WASHINGTON - U.S. President Barack Obama's re-election campaign has opened an assault on challenger Mitt Romney's foreign policy, with Vice-President Joe Biden saying the presumptive Republican nominee's foreign policy vision is stuck in the Cold War era.
With Romney all but certain to challenge Obama in November, the president's campaign machine released a video Thursday that draws sharp contrasts between the candidates' views of U.S. relations abroad.
The video served as a preview to a speech Biden delivered in New York that paints the foreign policy outlined by Romney as shallow, ill-informed and dangerous. Biden said Obama will gladly stack accomplishments such as killing terror mastermind Osama bin Laden against Romney's rhetoric.
Romney advisers held a conference call before Biden spoke, with John Lehman, Navy secretary during the Reagan administration, accusing Obama of "a gross abdication of leadership" that could have practical and political consequences.
Until now, neither Romney nor Obama had made foreign policy a major issue in the campaign.
The Obama campaign also announced the president's first official re-election rallies next week, back-to-back appearances May 5 at Ohio State University and Virginia Commonwealth University. He will be joined by his wife, the popular Michelle Obama.
The campaign revved up two days after Romney's sweep of five Republican presidential primaries that virtually assured he would be the party's nominee. Those victories forced Newt Gingrich, former speaker of the House of Representatives, to finally acknowledge his campaign was no longer viable. Romney's most significant opponent, former Pennsylvania Sen. Rick Santorum, left the contest two weeks ago. Only Texas Rep. Ron Paul, a libertarian with a small but loyal following, is maintaining a token campaign.
Obama plans to use his return to campaigning to draw a contrast between his economic approach and what the campaign says is the Republican Party's desire to return to the policies that crashed the economy.
The economy is by far the biggest issue in this election.
News of Obama's first campaign rallies followed word from the Republican National Committee that it had filed a formal complaint with the Government Accountability Office requesting an investigation into whether Obama was using taxpayer money to fund travel that benefited his re-election campaign.
Party Chairman Reince Priebus said in a statement that Obama's campaign "has been cheating the American taxpayer by using taxpayer dollars to fund their general election efforts." That is a perennial complaint of opposition candidates when running against a sitting president.
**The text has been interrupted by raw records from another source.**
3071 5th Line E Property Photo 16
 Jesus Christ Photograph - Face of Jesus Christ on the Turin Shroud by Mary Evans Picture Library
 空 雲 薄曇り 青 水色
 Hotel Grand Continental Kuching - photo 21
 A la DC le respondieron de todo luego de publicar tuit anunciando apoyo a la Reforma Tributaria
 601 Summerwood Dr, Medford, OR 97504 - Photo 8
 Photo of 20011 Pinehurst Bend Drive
Obama has spent the past two days courting young voters who were solidly behind him in the 2008 election. In 2008, he had a 34-point advantage over Republican challenger John McCain among voters under age 30. New polling suggests the president may face a harder sales job with younger voters this time.
Romney, meanwhile, moved aggressively to raise money for the battle against Obama and draw the support of conservatives within the Republican Party who continue to be skeptical of his positions.
Romney was attending fundraisers Thursday to prepare for what may be the most expensive presidential contest in the history of U.S. politics. He will have attended six closed-door fundraisers at the close Thursday of a two-day swing through New York and New Jersey.